Designing a Simple (a.k.a 'bad') Ranking value from several values of unknown distribution I am but a humble developer, so please forgive if I butcher terminology of confuse concepts.
I am looking at designing a simple ranking of Average Internet Audience Rank based upon a bloggers audience size (Twitter/Tumblr/Facebook friends) and how many times their content has been shared (i.e. 'Reach').
Here are the metrics I want to combine:
| metric       | weight |    range      | distribution (est.)
-------------------------------------------------------------
| shares       |  1st   |  0 - Millions | power law
| comments     |  2nd   |  0 -thousands | power law
| Klout score  |  3rd   |  0 - 100      | normal , weighted toward lower end
| Twitter fol. |  4th   |  0 - Millions | power law
| LinkedIn con.|  5th   |  0 - 1000     | normal

Goal


*

*None of the individual metrics will completely crowd out any of the others if it is significantly higher than normal. For example if someone had 10,000,000 twitter followers, but all other values were 0, I would never want them to rank higher than someone who had even 1000 blog post shares.

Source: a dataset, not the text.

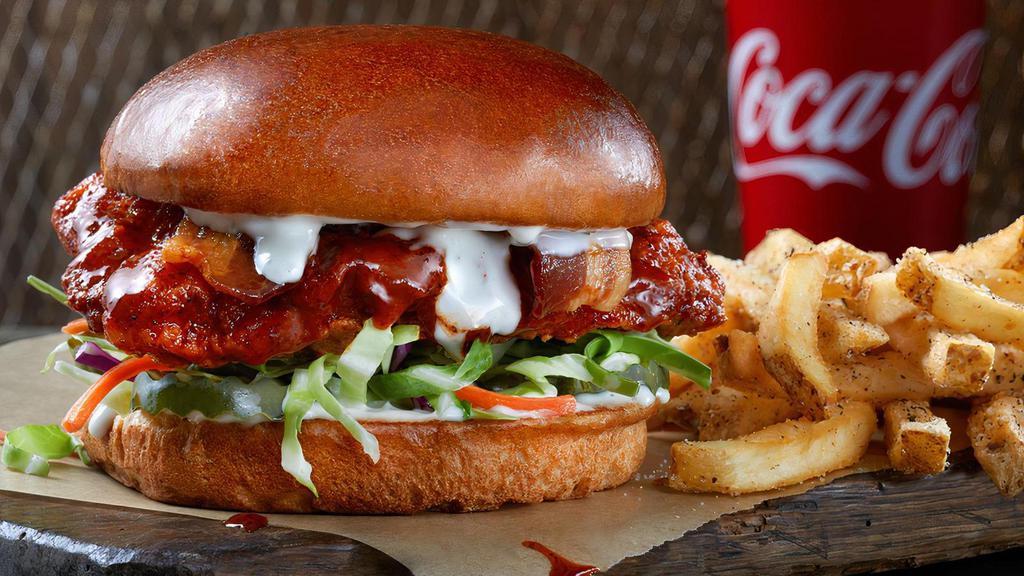 The Fried Spicy Slammer Combo · Chicken breast, crispy golden brown, tossed in Nashville Hot sauce, bacon, Ranch, pickled jalapenos and fresh cabbage mix on a soft challah bun. Served with seasoned fries and a Fountain Drink.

I know this Multi-Criteria Decision Analysis which I've been reading up on, but operations research is not a field I'm very familiar with. Hopefully you guys can help point me in the right direction.
 A: There are a huge number of potential functions that could work. What you want is probably a weighted sum, but with some transformation of the variables prior to adding them. The choice of transformation and weights is really arbitrary, and a reasonable way to do it is to programme them into a spreadsheet and then alter the transformation and weights until you have something that fits your criteria for a good overall metric.
My suggested approach is as follows:


*

*choose (what I will call) a high reference point for each metric. For instance, you could choose 10,000,000 for shares; 10,000 for comments, and so on.

*For shares, comments and LinkedIn, since you think they follow power laws, you could take logarithms of the metrics which will convert them to a more linear scale.

*Take a linear transformation of each metric so that it has a value that is 0 when the original value is 0, and 1 when the original value is the high reference point. For shares, this would be $log(shares + 1) / log(10000001)$. (You need to add 1 because log 0 is not defined). For Klout score it would be simply $klout / 100$.

*Multiply each transformed metric by a weighting and sum them. 
If you are able to define all your criteria for a good metric mathematically, then you might be able to determine appropriate weightings by solving a system of linear inequalities. But in most cases I would think trial and error using a spreadsheet (like this one) would be easier, as you will probably want to experiment and see what the effects are as you choose the criteria, rather than having rigid criteria in mind from the outset.


In summary:
$score =   \sum_{i=1}^n w_i m_i/h_i  +  \sum_{i=n+1}^N w_i log(m_i + 1) / log(h_i + 1) $
where $m_1 ...m_n$ are the metrics you think are normally distributed and $m_{n+1} ... m_N$ are the metrics you think have a power distribution, $w$ are the weights and $h$ the high reference points.
Some other possible approaches: 


*

*instead of guessing a high reference point, you could guess the parameters of an exponential or normal distribution that would fit your metrics, then use a standard score (z-score) as your metric. It can be any value on the same order of magnitude as what you think is the maximum value for each metric.

*If you actually have a load of data already, then you could examine the actual distribution of each metric, and then use the mean and standard deviations of the existing data to calculate standard scores for both the existing and future data. (Your existing data would, in other words, be the reference point rather than picking an arbitrary high number such as 10,000,000).

*If you already have some data, you could explore applying a technique like weighted principal components analysis, which would look at how the different metrics vary together, and give you a linear combination of the metrics that would explain the maximum variation. But you would still have to transform the variables and choose weights for them beforehand.